No room for corruption: Blatter

FIFA President Sepp Blatter
FIFA President Sepp Blatter

FIFA president Sepp Blatter has proclaimed before its 65th congressional meeting here that “there can be no place for corruption of any kind” in the organisation that he has led since 1998, and that the trust that has been lost must now be earned back.

Ahead of the presidential elections here on Friday, Blatter spoke of how recent, difficult times have been unprecedented for FIFA and “the events of yesterday have cast a long shadow over football and this congress. They bring shame and humiliation to football and demand change from us all. We cannot allow the reputation of FIFA to be dragged through the mud any longer”, reports Efe.

On Wednesday, several former and current senior FIFA officials were arrested on charges of corruption as part of two parallel investigations, one requested by United States authorities and another by Switzerland.

Blatter insisted that it was his responsibility to find solutions to problems but that he could not be held responsible for the misconduct perpetrated by those who corrupt the sport. He refused to comment on the many calls for him to resign as president.
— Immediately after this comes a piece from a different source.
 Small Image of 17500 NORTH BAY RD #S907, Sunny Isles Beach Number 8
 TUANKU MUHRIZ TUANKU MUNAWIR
“I know many people hold me ultimately responsible. I cannot monitor everyone all the time,” he said before showing his and FIFA’s willingness to cooperate with the attorney general’s investigation in the US, which led to the arrest of seven FIFA executives.

He said that the coming months would not be easy for FIFA because of what may be discovered but the priority was to restore confidence in the organisation.
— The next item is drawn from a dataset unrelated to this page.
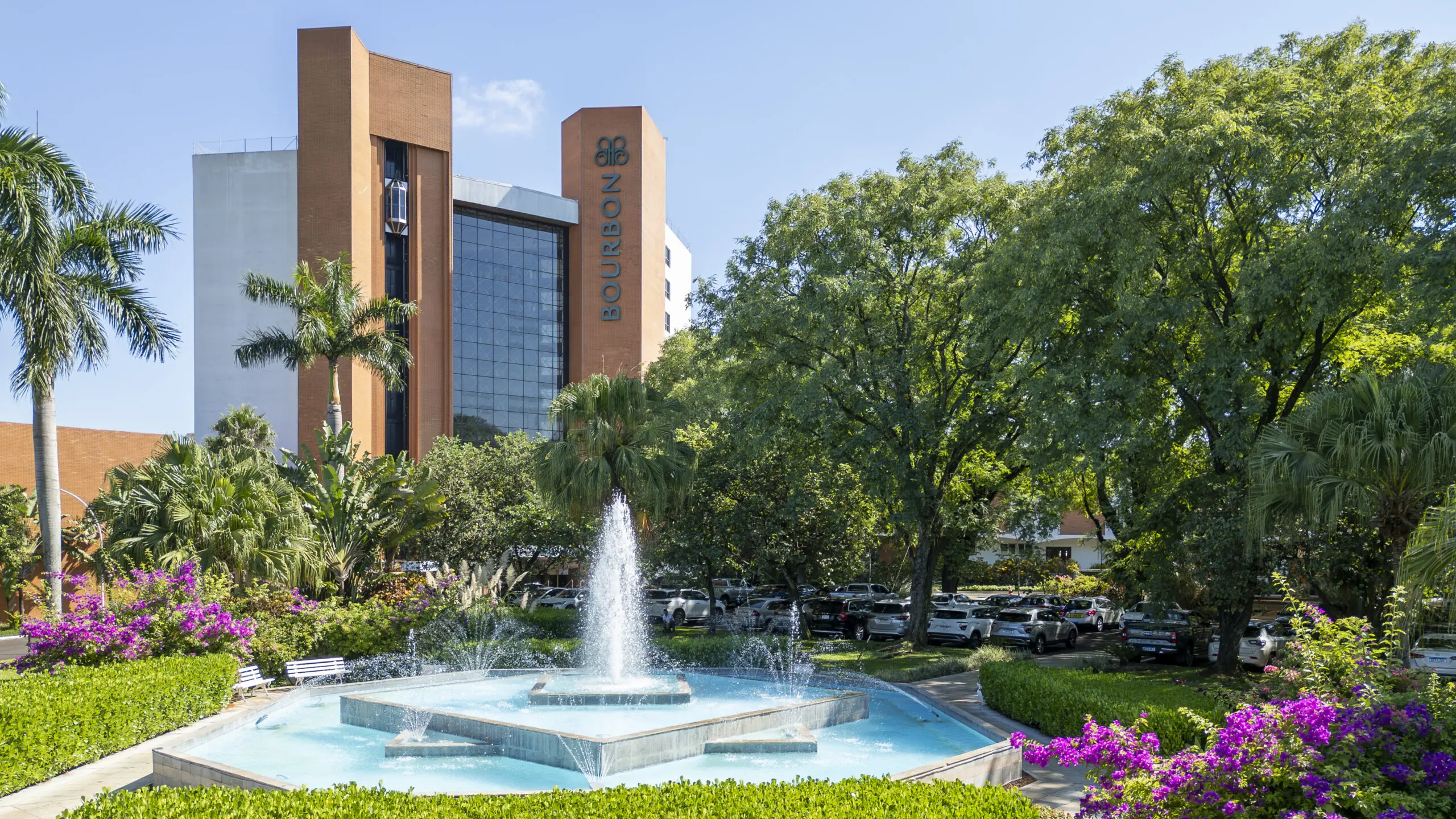 Resort da Bourbon em Foz do Iguaçu fica em meio à mata nativa da região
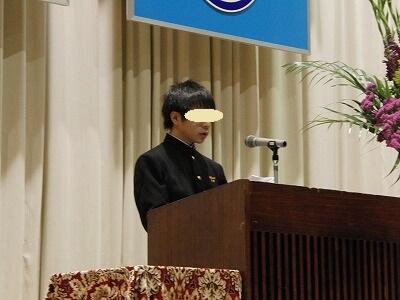 送辞を読み上げる在校生代表生徒。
“More needs to be done to make sure everyone in football behaves responsibly and ethically. Each of those involved will be punished. Football deserves so much more and we must respond. At the Congress, we will begin a long and difficult road. We have lost trust, at least part of it, and we must now earn it back,” he added.

Blatter, who has led the organisation since 1998, will seek a fifth term as FIFA president in Friday’s elections against Jordanian Prince Ali bin al-Hussein, the only rival candidate left after Dutch football president Michael van Praag and Portuguese former player Luis Figo withdrew last week.